_ENTRIES PROVIDED_
※ ※ ※

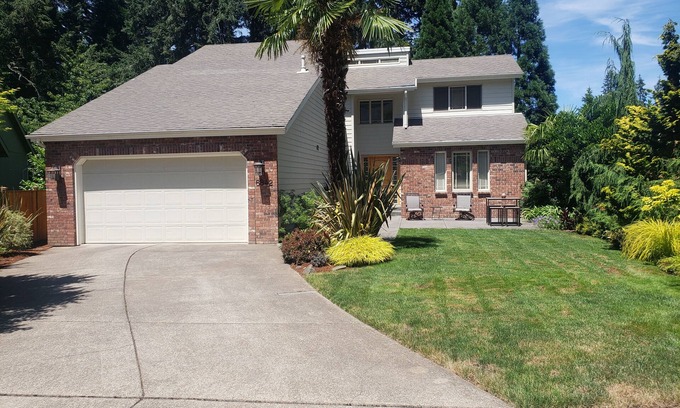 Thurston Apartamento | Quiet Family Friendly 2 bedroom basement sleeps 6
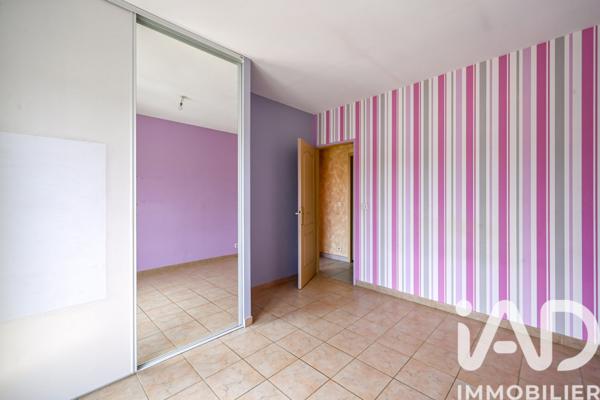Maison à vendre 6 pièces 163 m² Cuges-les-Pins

※ ※ ※

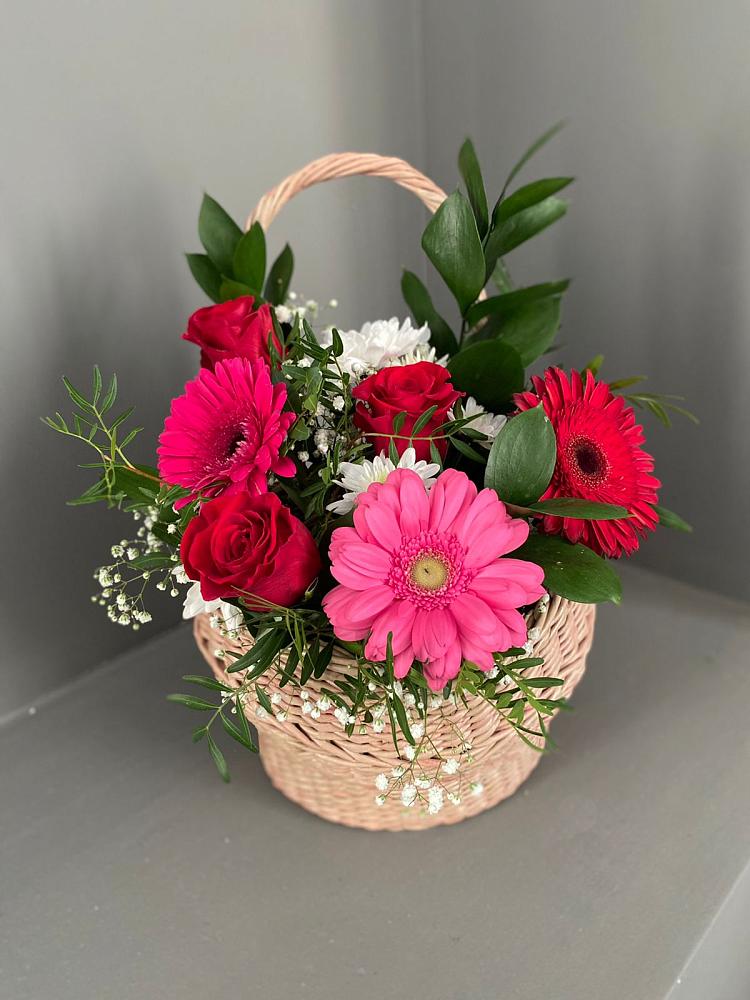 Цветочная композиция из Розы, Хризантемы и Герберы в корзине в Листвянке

※ ※ ※

_TASK REQUIREMENTS_
Although the records above contain pictures, the copy should not; retype exactly the lines from the one containing "Thurston Apartamento |" through the one containing "Maison à vendre".

_WRITTEN ANSWER_
 Thurston Apartamento | Quiet Family Friendly 2 bedroom basement sleeps 6
Maison à vendre 6 pièces 163 m² Cuges-les-Pins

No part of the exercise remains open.